START Provided records

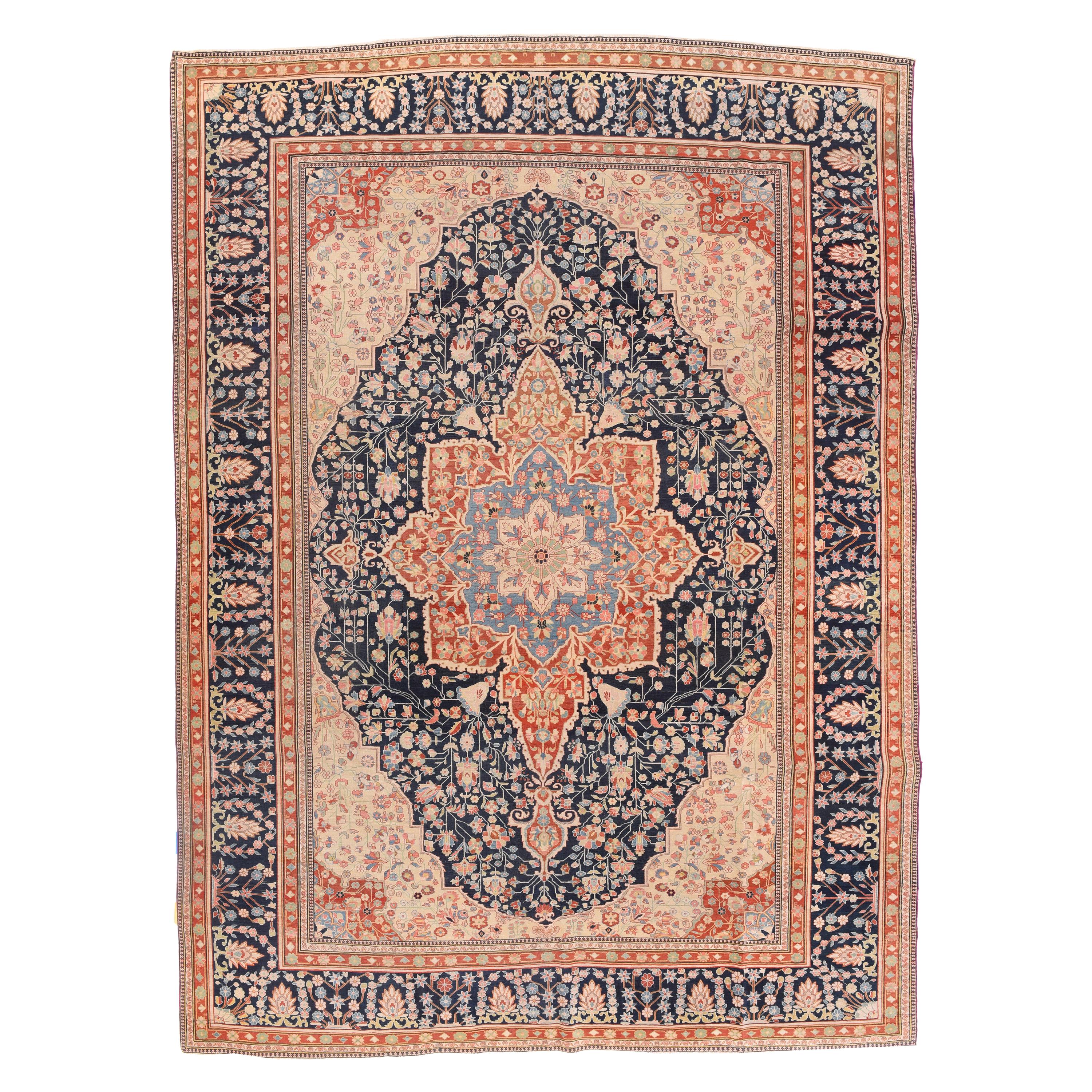Antique Rug, Persian Mohtasham Kashan, circa 1890 For Sale at 1stDibs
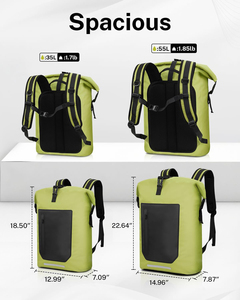 Sac à dos ultraléger imperméable en TPU 35L, sac étanche à enroulement, panneau dorsal rembourré confortable, <span class=keywords><strong>kayak</strong></span>, camping, pêche, voyage, etc. - Product Image 2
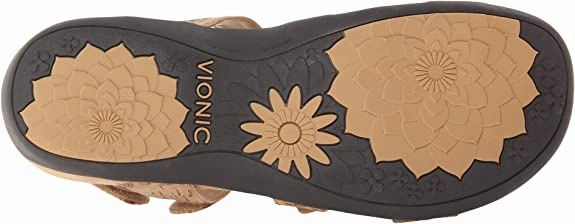 Vionic Women Rest Amber Adjustable Backstrap Sandal Ortho Arch Support Gold Cork Slipper Soles For Crochet Slippers
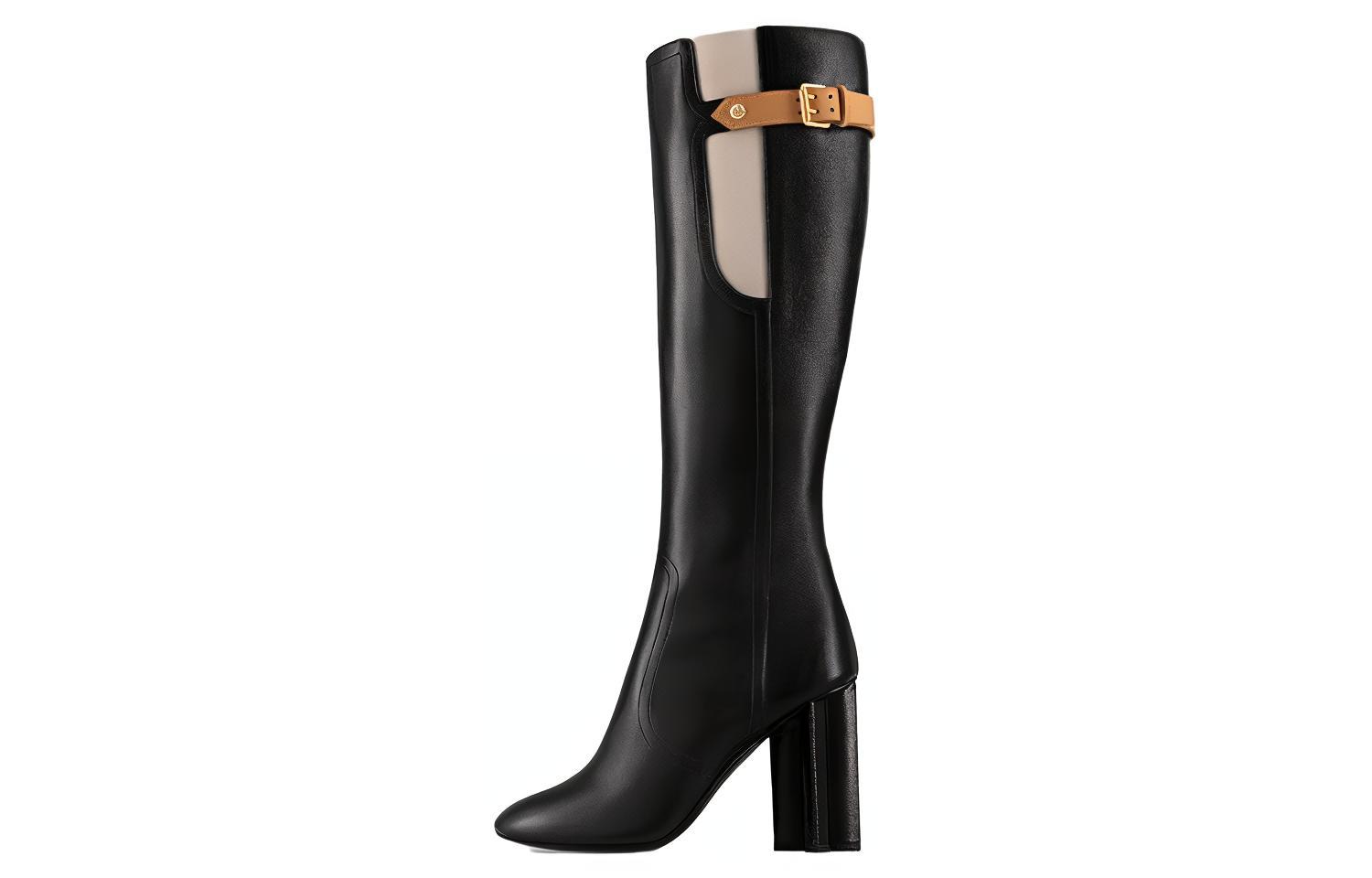 (Women) Louis Vuitton Leather Pointed-Toe High-Heeled Tall Boots 'Black' 1ACL6O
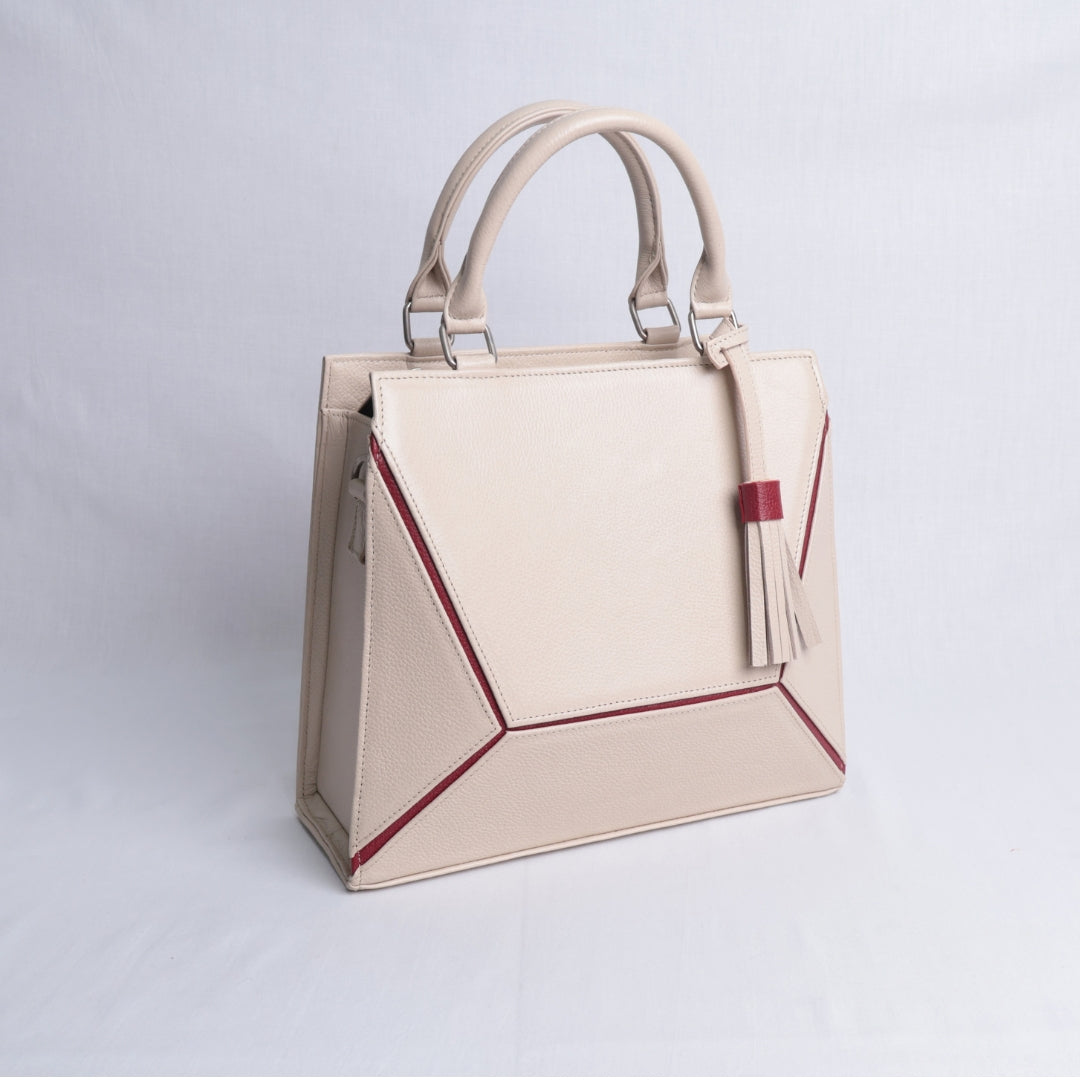 Bolso Geométrico Beige & Vino – Nahué Atelier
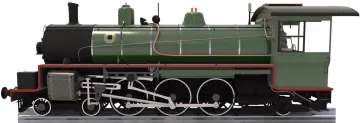 a green and black train engine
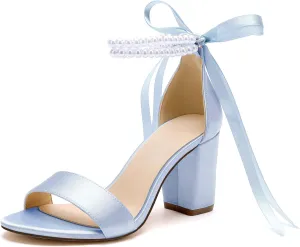 Women's Open Toe Pearl Wedding Shoes for Bride High Heels Sandals Satin Bridal Block Chunky Heels Ankle Strap Prom Evening Party Pumps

END Provided records

Print all entries exactly. The images do not belong in the copy.

- Task response
Antique Rug, Persian Mohtasham Kashan, circa 1890 For Sale at 1stDibs
 Sac à dos ultraléger imperméable en TPU 35L, sac étanche à enroulement, panneau dorsal rembourré confortable, <span class=keywords><strong>kayak</strong></span>, camping, pêche, voyage, etc. - Product Image 2
 Vionic Women Rest Amber Adjustable Backstrap Sandal Ortho Arch Support Gold Cork Slipper Soles For Crochet Slippers
 (Women) Louis Vuitton Leather Pointed-Toe High-Heeled Tall Boots 'Black' 1ACL6O
 Bolso Geométrico Beige & Vino – Nahué Atelier
 a green and black train engine
 Women's Open Toe Pearl Wedding Shoes for Bride High Heels Sandals Satin Bridal Block Chunky Heels Ankle Strap Prom Evening Party Pumps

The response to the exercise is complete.